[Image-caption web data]

• • • • • • •

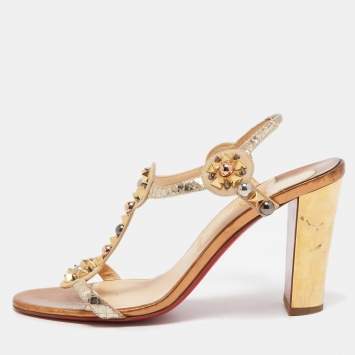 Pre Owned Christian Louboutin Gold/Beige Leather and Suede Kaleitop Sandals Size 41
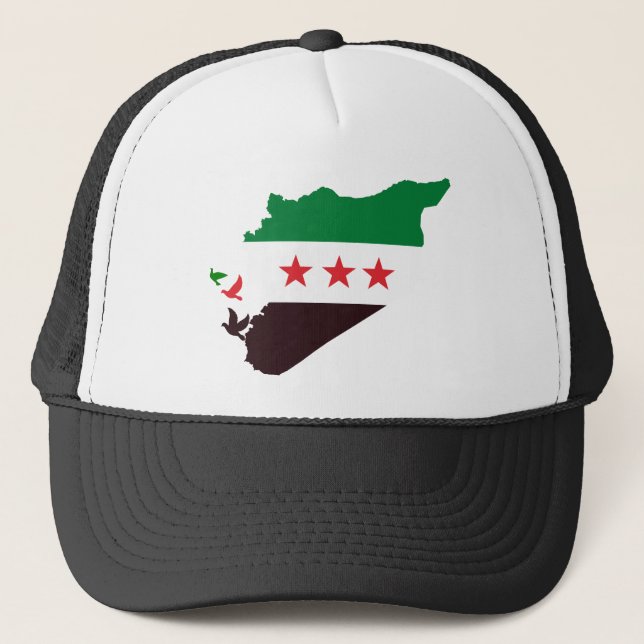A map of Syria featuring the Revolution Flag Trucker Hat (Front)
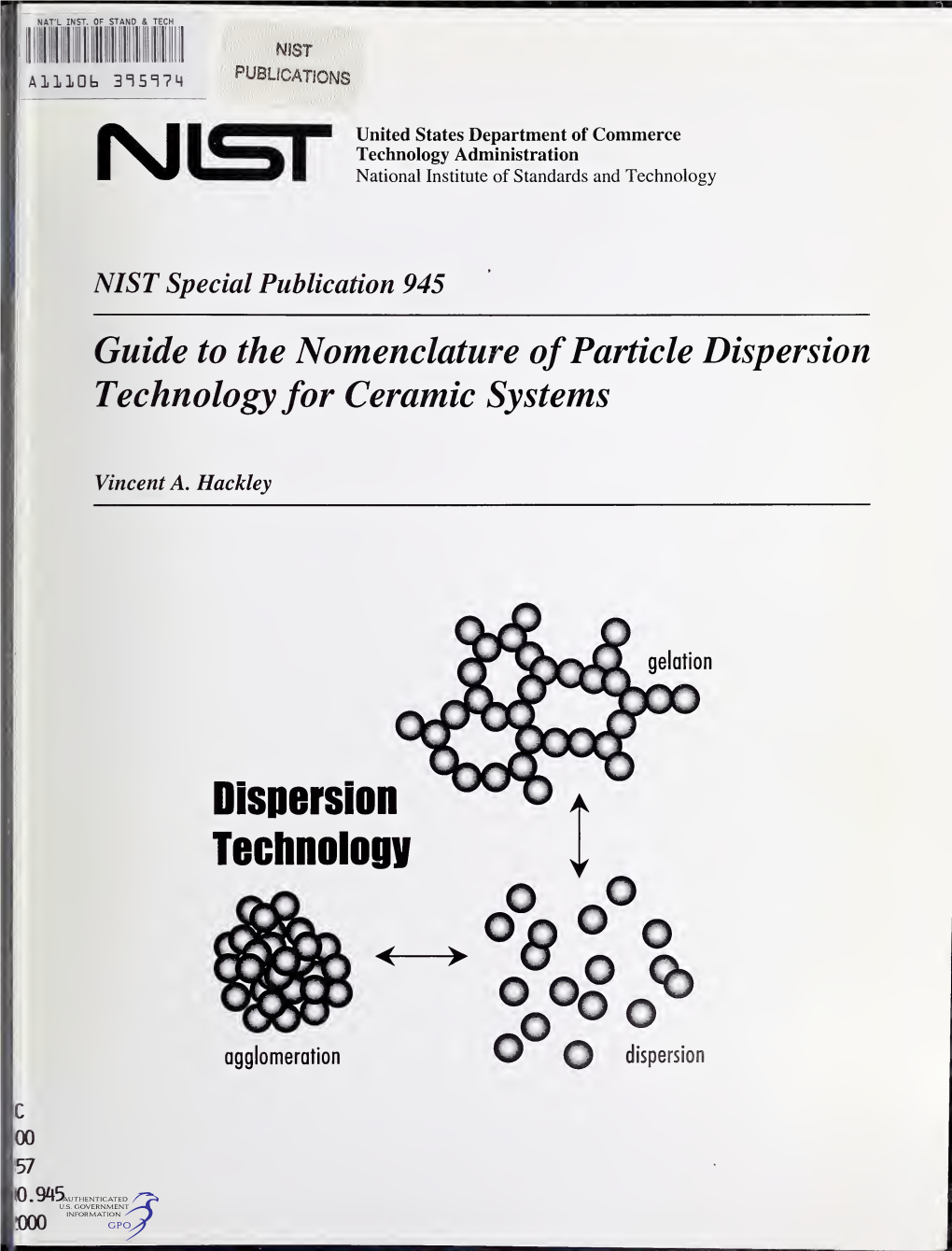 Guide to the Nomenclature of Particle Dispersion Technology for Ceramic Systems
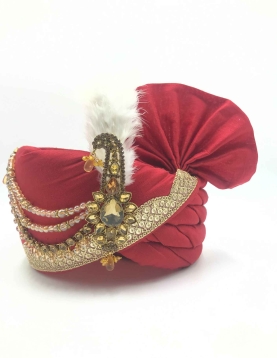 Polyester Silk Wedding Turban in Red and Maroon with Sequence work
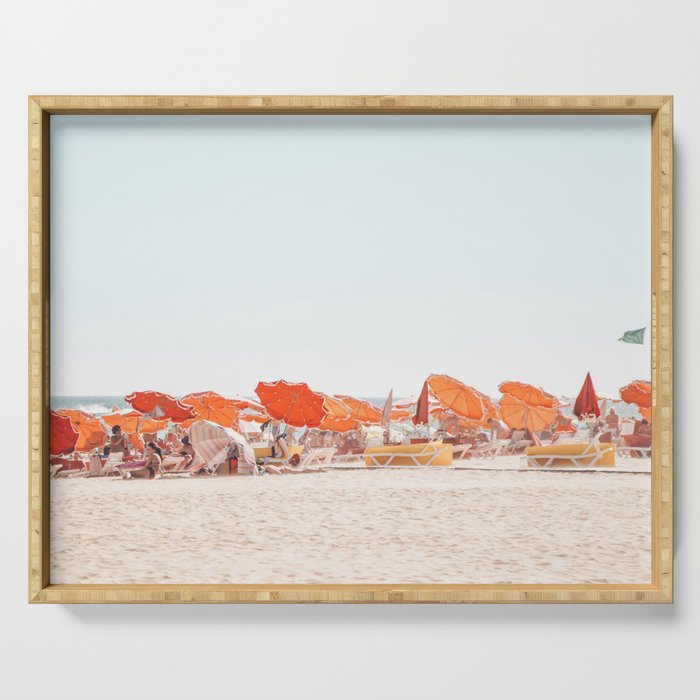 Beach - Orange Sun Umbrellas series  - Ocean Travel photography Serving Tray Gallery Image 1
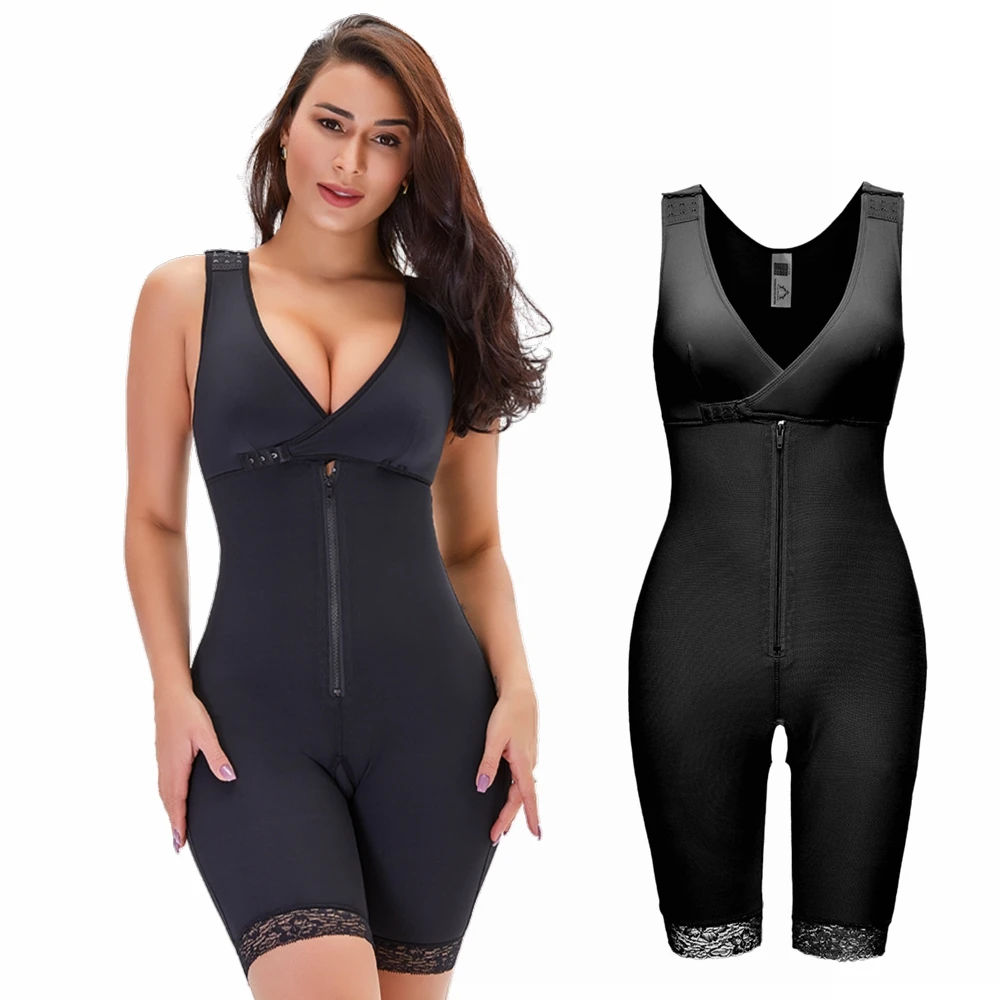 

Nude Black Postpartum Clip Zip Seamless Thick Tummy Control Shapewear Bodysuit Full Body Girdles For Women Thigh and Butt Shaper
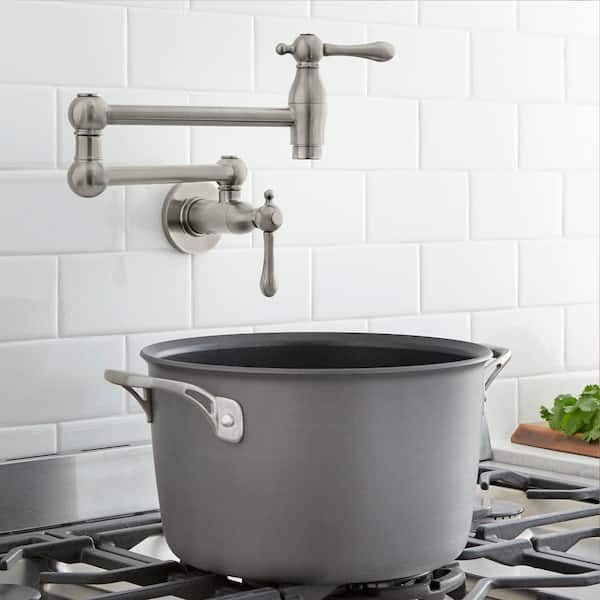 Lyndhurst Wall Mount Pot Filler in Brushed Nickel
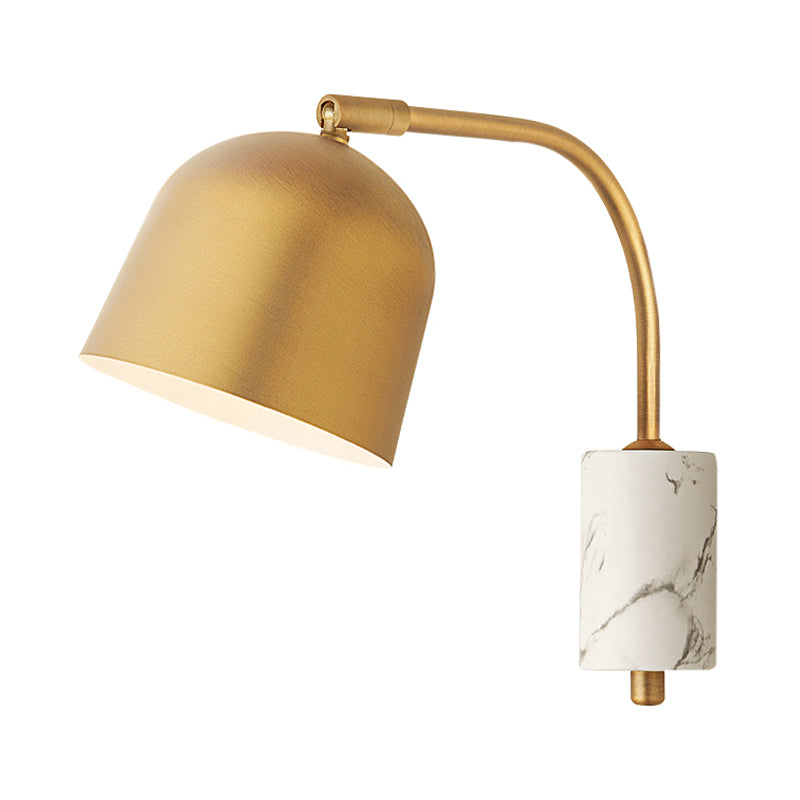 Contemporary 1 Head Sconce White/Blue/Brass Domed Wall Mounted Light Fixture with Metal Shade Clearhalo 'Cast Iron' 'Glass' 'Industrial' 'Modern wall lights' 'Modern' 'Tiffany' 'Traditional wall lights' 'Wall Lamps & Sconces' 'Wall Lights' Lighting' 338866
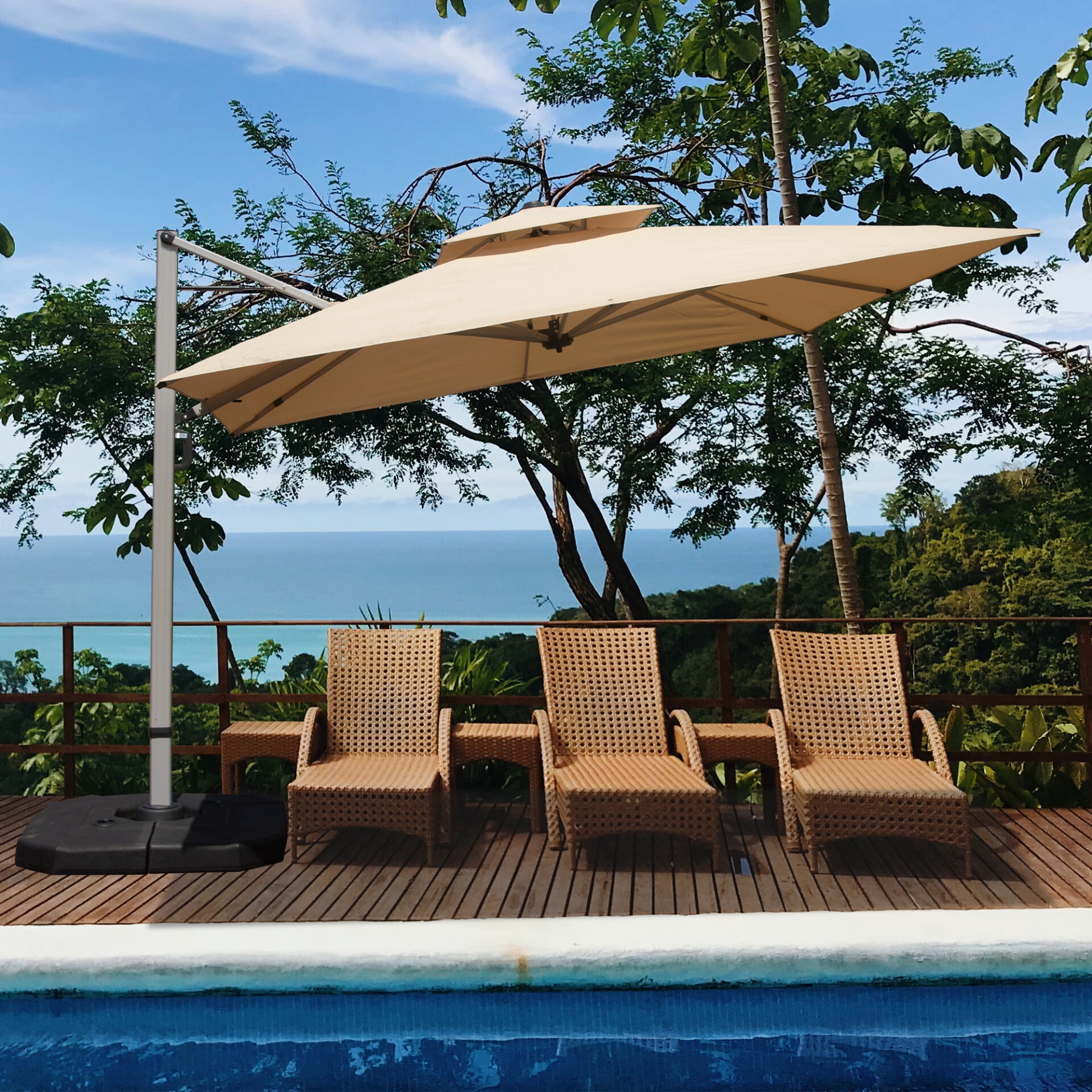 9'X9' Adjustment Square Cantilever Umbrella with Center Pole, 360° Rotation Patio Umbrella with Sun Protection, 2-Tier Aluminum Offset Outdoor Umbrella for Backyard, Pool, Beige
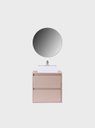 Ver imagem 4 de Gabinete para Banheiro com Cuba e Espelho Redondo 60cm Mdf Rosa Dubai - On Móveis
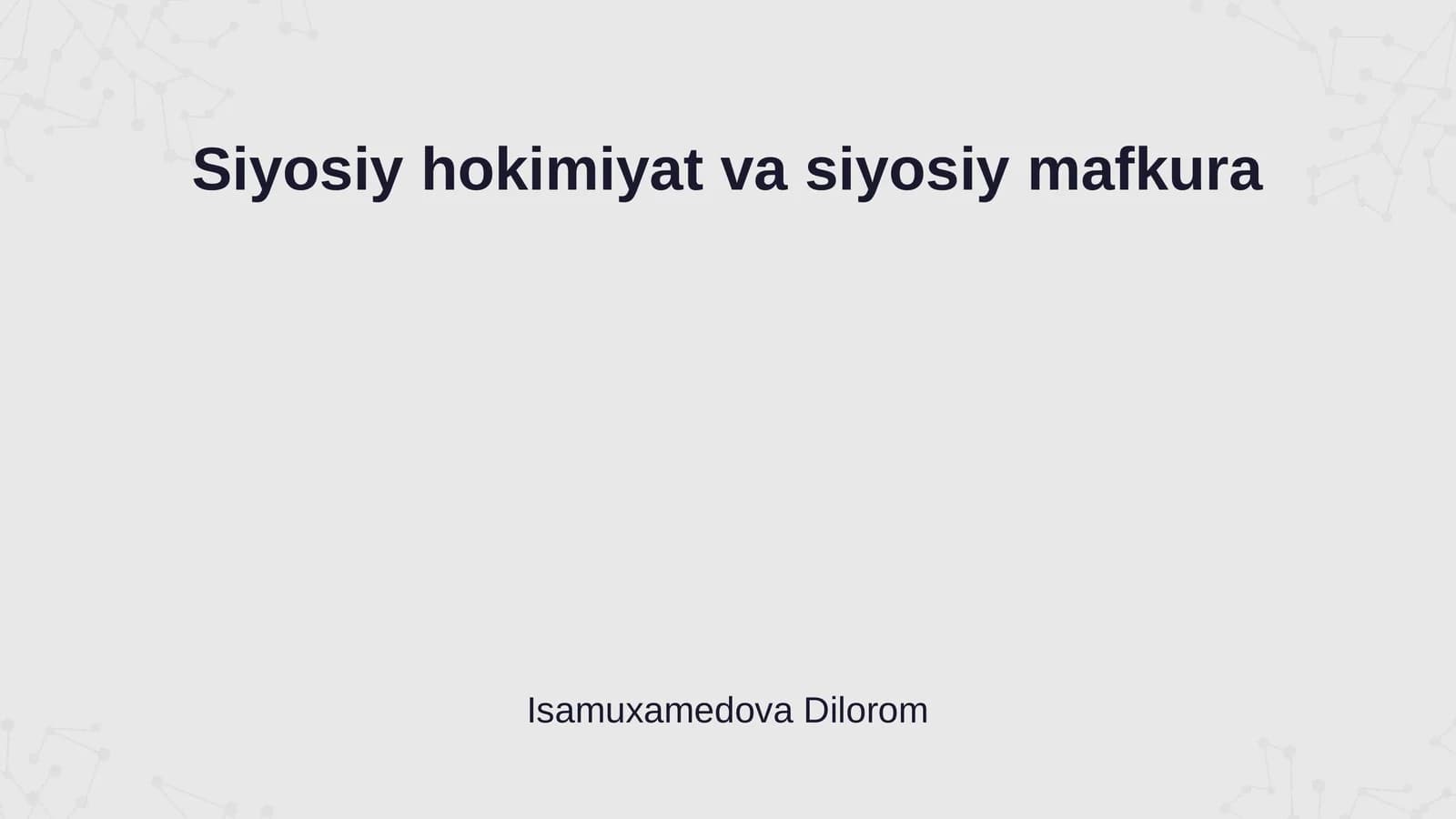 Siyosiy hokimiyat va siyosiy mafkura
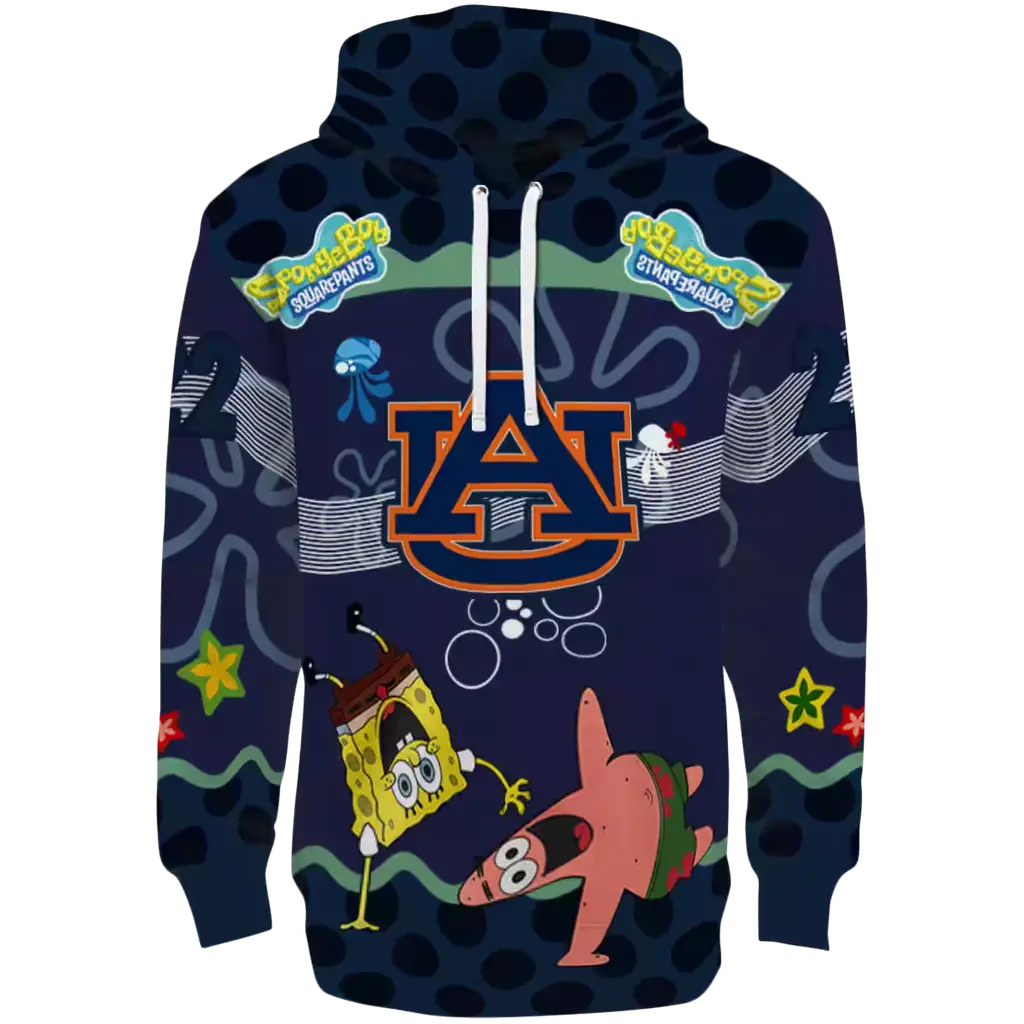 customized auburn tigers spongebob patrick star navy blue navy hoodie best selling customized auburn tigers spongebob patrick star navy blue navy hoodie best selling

• • • • • • •

— Aim of the exercise —
Exactly as they appear above, print all the lines, but not the pictures.

— Your solution —
 Pre Owned Christian Louboutin Gold/Beige Leather and Suede Kaleitop Sandals Size 41
A map of Syria featuring the Revolution Flag Trucker Hat (Front)
 Guide to the Nomenclature of Particle Dispersion Technology for Ceramic Systems
 Polyester Silk Wedding Turban in Red and Maroon with Sequence work
 Beach - Orange Sun Umbrellas series  - Ocean Travel photography Serving Tray Gallery Image 1

Nude Black Postpartum Clip Zip Seamless Thick Tummy Control Shapewear Bodysuit Full Body Girdles For Women Thigh and Butt Shaper
 Lyndhurst Wall Mount Pot Filler in Brushed Nickel
 Contemporary 1 Head Sconce White/Blue/Brass Domed Wall Mounted Light Fixture with Metal Shade Clearhalo 'Cast Iron' 'Glass' 'Industrial' 'Modern wall lights' 'Modern' 'Tiffany' 'Traditional wall lights' 'Wall Lamps & Sconces' 'Wall Lights' Lighting' 338866
 9'X9' Adjustment Square Cantilever Umbrella with Center Pole, 360° Rotation Patio Umbrella with Sun Protection, 2-Tier Aluminum Offset Outdoor Umbrella for Backyard, Pool, Beige
 Ver imagem 4 de Gabinete para Banheiro com Cuba e Espelho Redondo 60cm Mdf Rosa Dubai - On Móveis
 Siyosiy hokimiyat va siyosiy mafkura
 customized auburn tigers spongebob patrick star navy blue navy hoodie best selling customized auburn tigers spongebob patrick star navy blue navy hoodie best selling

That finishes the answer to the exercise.